Vassilis Spanoulis won his second consecutive Final Four MVP, and the third of his career. Spanoulis joined Toni Kukoč, as the only player to have ever won the award three times.

==Venue==
On May 12, 2012, it was announced that the Final Four would be hosted at The O2 Arena in London, England. The O2 Arena is a multi-purpose indoor arena that is located in the centre of The O2 entertainment complex, on the Greenwich Peninsula, in south-east London. It is named after its primary sponsor, the telecommunications company O2.

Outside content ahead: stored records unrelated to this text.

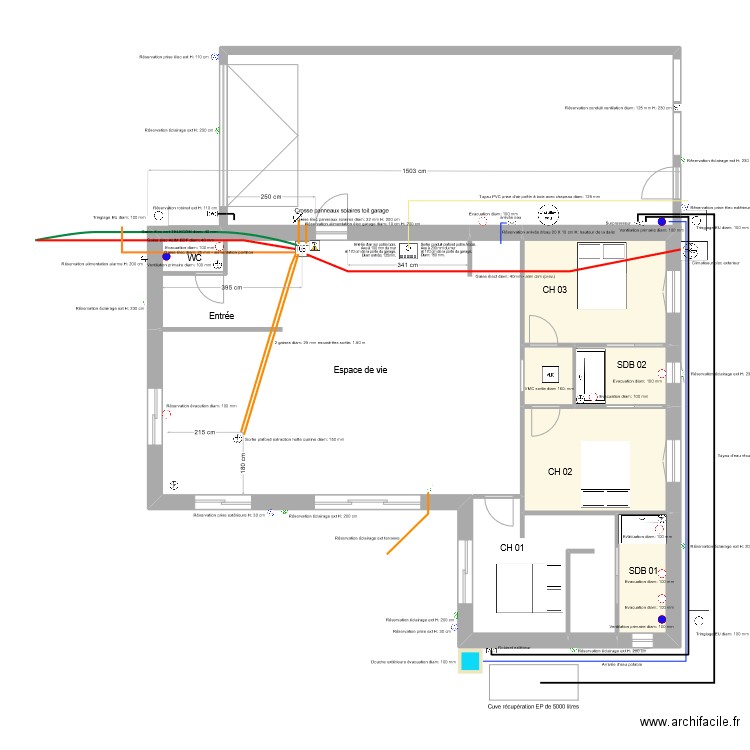 plan helenethierry 05. Plan de 5 pièces et 35 m2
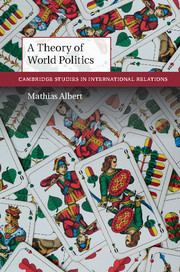 Couverture de l’ouvrage A Theory of World Politics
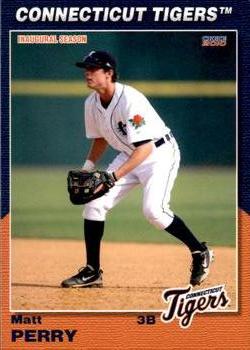 2010 Choice Connecticut Tigers #24 Matt Perry Front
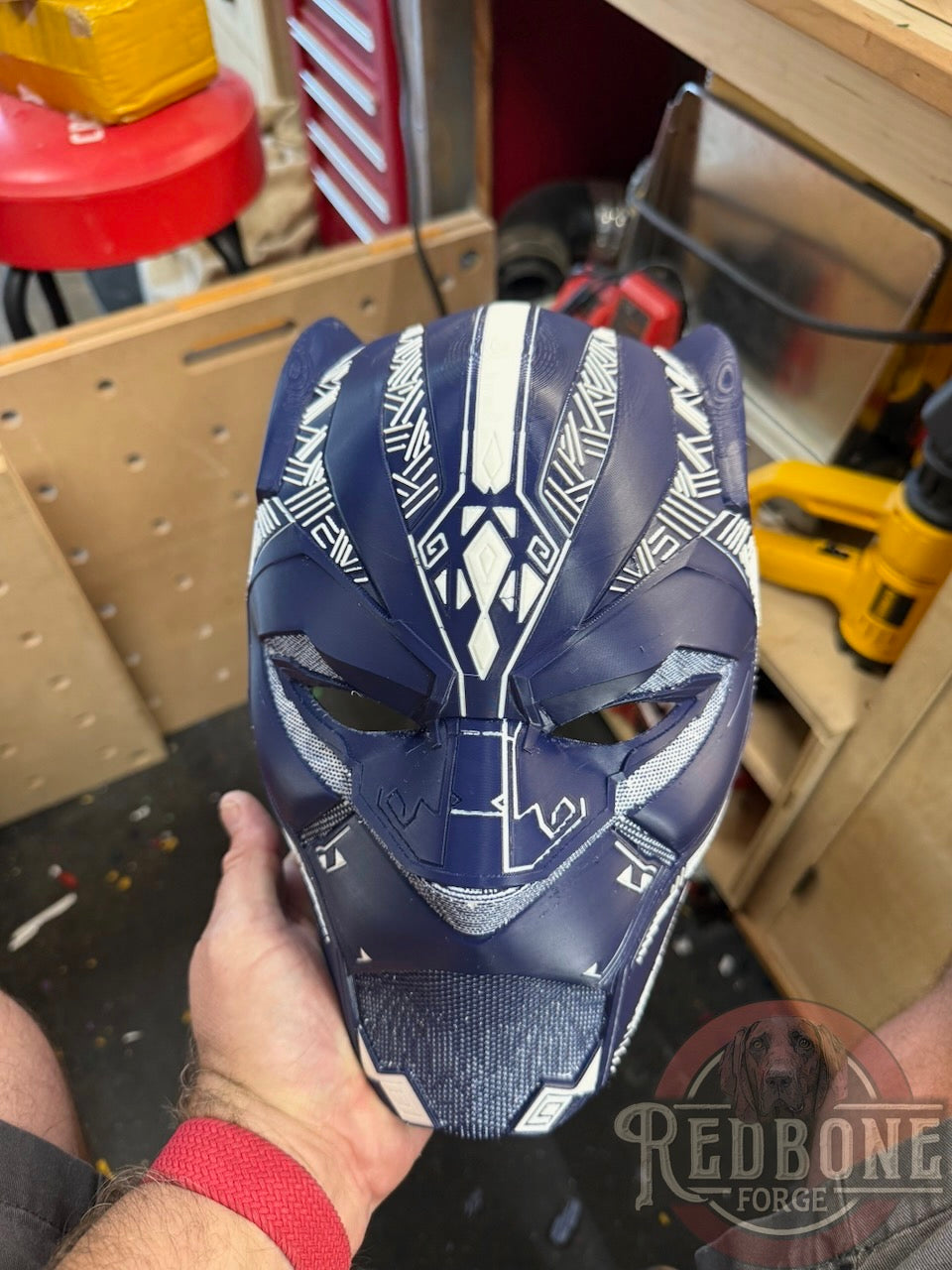 Custom Tribal Cat Panther Warrior Mask 3D Printed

The O2 Arena is the world's largest building as measured by floor space, and has the second-highest seating capacity of any indoor venue in the United Kingdom, behind the Manchester Arena, but it took the crown of the world's busiest music arena from New York City's Madison Square Garden in 2008. The closest underground station to the venue is the North Greenwich station, on the Jubilee line.

| London | London 2013 Euroleague Final Four (Europe) |
The O2 Arena
Capacity: 20,000

==Final==
After the end of the opening quarter, Madrid led Olympiacos by 17 points. However, the Reds managed to get back in the game, and the game was tied by the end of the third quarter. Behind Spanoulis, Olympiacos pulled away in the fourth quarter.

| 2012–13 Euroleague Champions |
|---|
| GRE Olympiacos 3rd title |

- Team captains (C): GRE Vassilis Spanoulis (Olympiacos) and ESP Felipe Reyes (Real Madrid)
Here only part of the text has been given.